Finishing Strong, Teacher Appreciation, and All That Jazz

Melancholy.

I live in suburban Denver, and work in a school a few short miles from the Highlands Ranch STEM school. I had the honor of spending a day there last winter, met some amazing teachers and truly gifted and inspiring students.

So it is rather difficult today to talk about “10 Tricks To End The Year Strong.” Or share ideas for Teacher Appreciation Week.

But I will do my best.

Ending my year strong has always meant to do whatever it takes to make everyone, students and staff, want to come back next year. There is a reason why the ceremony at the end of the year is called Commencement, or Promotion, or Transition, or some other variation on the term. It isn’t an ending, it’s the beginning of what comes next.

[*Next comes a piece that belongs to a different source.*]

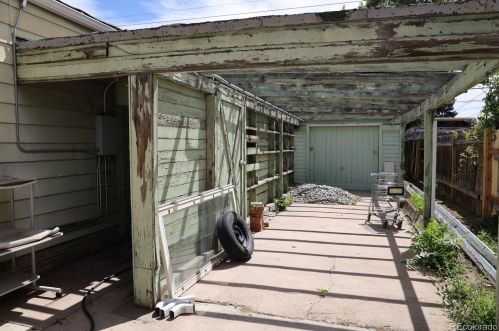 3060 Bannock St, Englewood, CO 80110-1521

Too often, I hear us talk about how tired we are, how much we look forward to resting, being away from the kids and our colleagues.

What message does this send?

After nine months of telling our students how much we love them, and how they have become a big part of our lives, now we are telling them we need a break from them. And the countdown calendar on the whiteboard only reinforces this attitude.

Have we forgotten that we are the significant, consistent adults in many of their lives? And now they see and hear us tell them, again, that they are unwanted.

My students get enough of that away from school, their stories would break your heart.

Do we need rest? Yes. But find it in our own way, throughout the year. It’s called balance. Think about what went right during the year. Focus on the successes and how it will be even better next year. Focus on the hope of the future, filling your tank, not thinking about how empty it is.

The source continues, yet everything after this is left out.